### About this task
Once you find the line with "成都茶文化公園茶馬古道群雕" in the listing below, set down exactly every line from it through the line with "Philbinden 7 Tier", but no pictures.

### Data for analysis
════════════════════
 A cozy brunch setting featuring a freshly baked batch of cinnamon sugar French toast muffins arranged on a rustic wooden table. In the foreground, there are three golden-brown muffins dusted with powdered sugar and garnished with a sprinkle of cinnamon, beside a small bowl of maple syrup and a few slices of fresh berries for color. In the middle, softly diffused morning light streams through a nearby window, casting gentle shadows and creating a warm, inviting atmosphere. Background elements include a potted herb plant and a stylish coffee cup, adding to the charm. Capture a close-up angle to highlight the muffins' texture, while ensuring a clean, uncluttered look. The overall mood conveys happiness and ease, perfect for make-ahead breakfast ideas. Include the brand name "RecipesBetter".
════════════════════
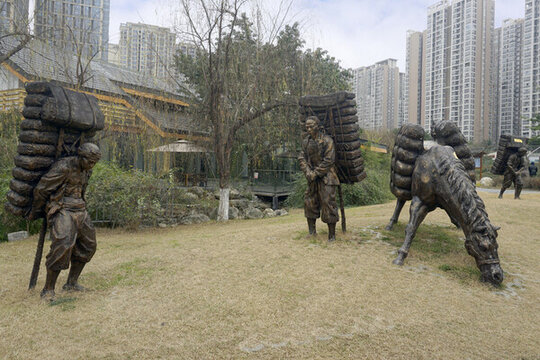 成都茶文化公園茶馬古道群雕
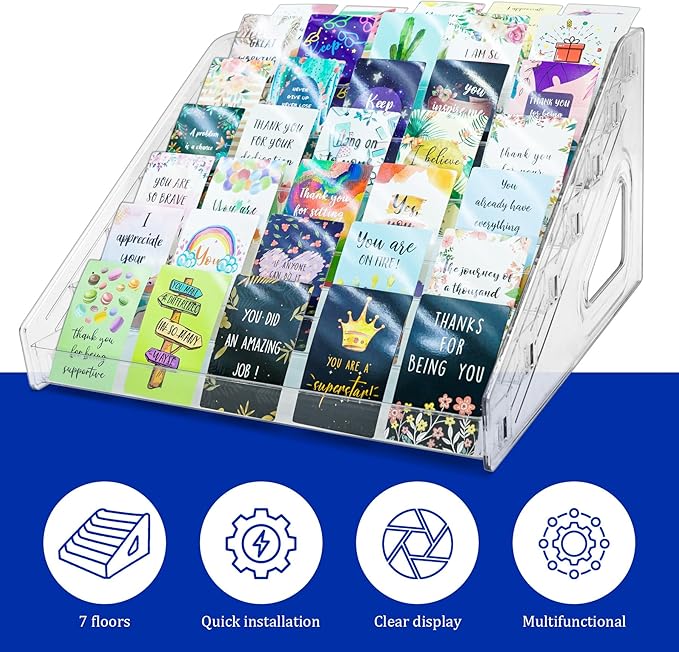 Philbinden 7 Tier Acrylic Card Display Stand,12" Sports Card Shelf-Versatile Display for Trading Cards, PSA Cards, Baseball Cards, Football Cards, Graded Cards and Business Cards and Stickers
════════════════════
### Response area
 成都茶文化公園茶馬古道群雕
 Philbinden 7 Tier Acrylic Card Display Stand,12" Sports Card Shelf-Versatile Display for Trading Cards, PSA Cards, Baseball Cards, Football Cards, Graded Cards and Business Cards and Stickers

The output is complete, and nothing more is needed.